• _Exercise aim_
Print nothing except the line holding "PhotoEffect da categoria" and the lines that come after it in the material below, and leave the pictures out.

• _Data provided_
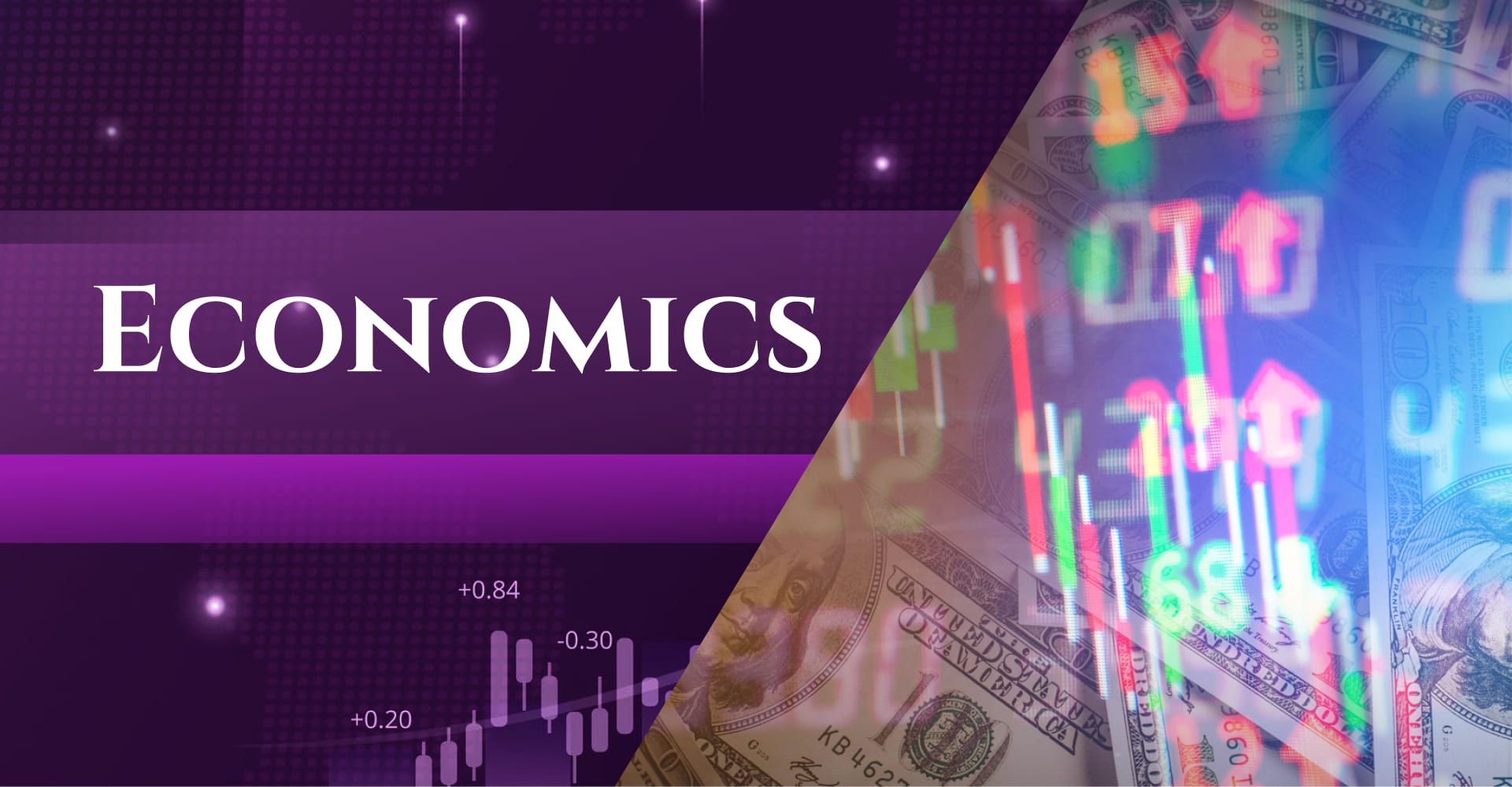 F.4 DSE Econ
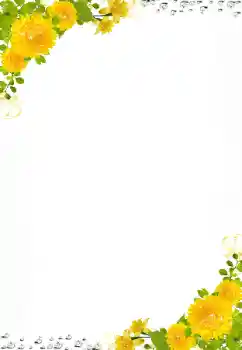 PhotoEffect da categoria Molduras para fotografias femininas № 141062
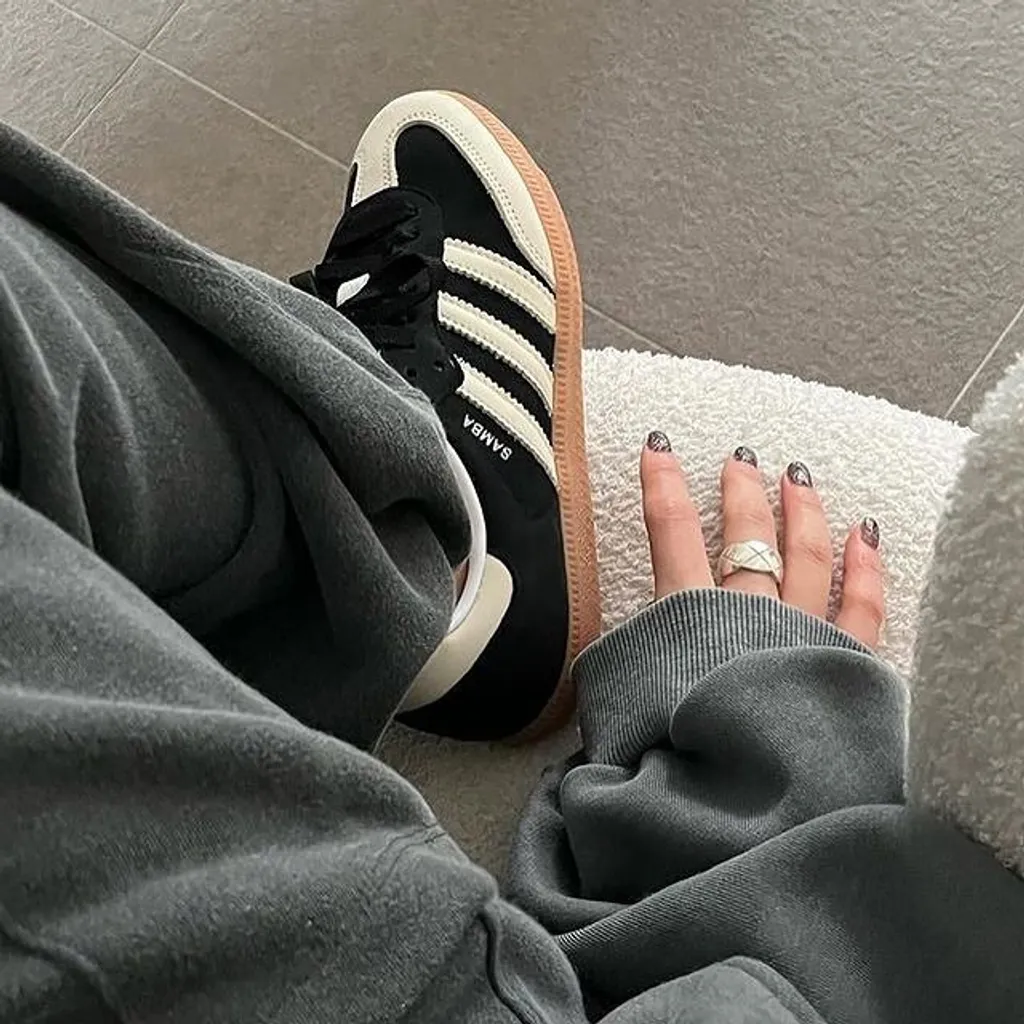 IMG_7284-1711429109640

• _Answer for the task_
 PhotoEffect da categoria Molduras para fotografias femininas № 141062
 IMG_7284-1711429109640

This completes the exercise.